As duas enfermidades que mais preocupam especialistas em saúde, AIDS e Hepatite C, fazem milhares de vítimas fatais a cada ano. Ambas são causadas por vírus e infectam hoje cerca de 240 milhões de pessoas em todo o mundo. Se isoladas já representam riscos para seus portadores, mobilizando esforços internacionais em ações para prevenção e tratamento, a co-infecção HIV/HCV – a contaminação de um mesmo indivíduo pelas duas moléstias – merece atenção redobrada. Atualmente, estima-se que mais de 10 milhões de pacientes estejam co-infectados em todo o planeta.
Estudos realizados pelo Center for Diesease Control (CDC) – órgão do governo norte-americano para controle de doenças -, apontam que somente nos Estados Unidos são registrados 40 mil novos casos de co-infecção a cada ano. No Brasil, cerca de 30% dos pacientes com HIV são também portadores do vírus HCV. “Os pacientes co-infectados apresentam mais chances de não tolerarem a medicação (coquetel) contra o HIV”, alerta Rafael Sani Simões, especialista em doenças infecciosas e gerente médico da farmacêutica Roche.

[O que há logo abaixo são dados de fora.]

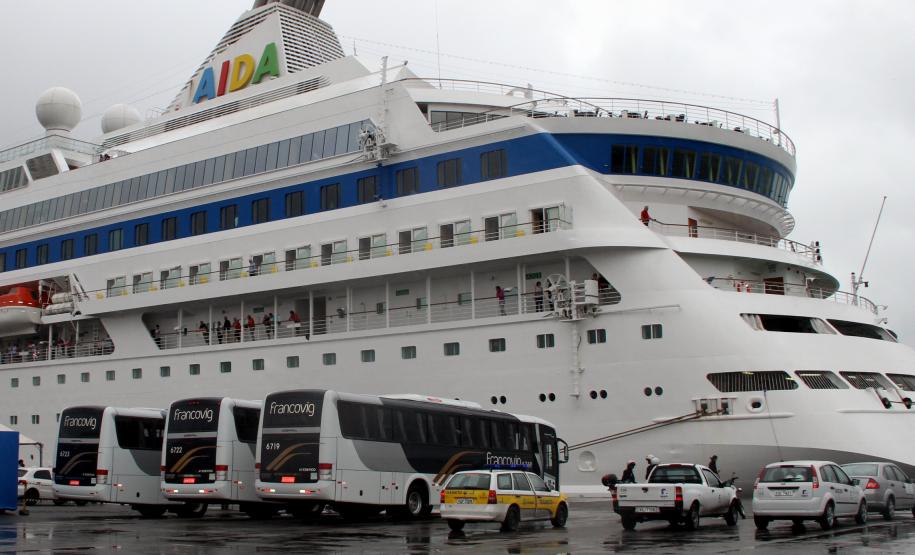 No berço 208, logo em frente ao portão principal do Porto de Paranaguá, o navio fica atracado até a noite, quando segue viagem para Buenos Aires, capital argentina.  A área de circulação das pessoas foi limpa e isolada pela equipe da Appa.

Para impedir o avanço das duas doenças e evitar o comprometimento do fígado e de outros órgãos, é imprescindível contar sempre com o acompanhamento médico e seguir corretamente o tratamento indicado para as enfermidades.
Recentemente, um grupo de 11 renomados especialistas na área da infectologia reuniu-se para consolidar estudos em busca de novidades sobre a terapia para os co-infectados. Como resultado, os profissionais estabeleceram que a administração combinada de interferon peguilado alfa-2a e dosagens de ribavirina entre 1.000 e 1.200 mg/dia, durante o período mínimo de 48 semanas é, atualmente, o tratamento mais avançado para o controle da co-infecção.
A adoção e a correta administração dos medicamentos é fundamental para otimizar as chances de boas respostas de ambos os tratamentos. Além disso, a terapia adequada da hepatite C pode levar a uma resposta virológica sustentada, que é a eliminação do vírus HCV do sangue dos pacientes e que, hoje, é entendida como a cura para esta doença. Desta forma, a eliminação desse vírus promoverá uma melhora na qualidade de vida de indivíduos portadores do HIV, resultando assim, em uma maior eficácia no combate à AIDS.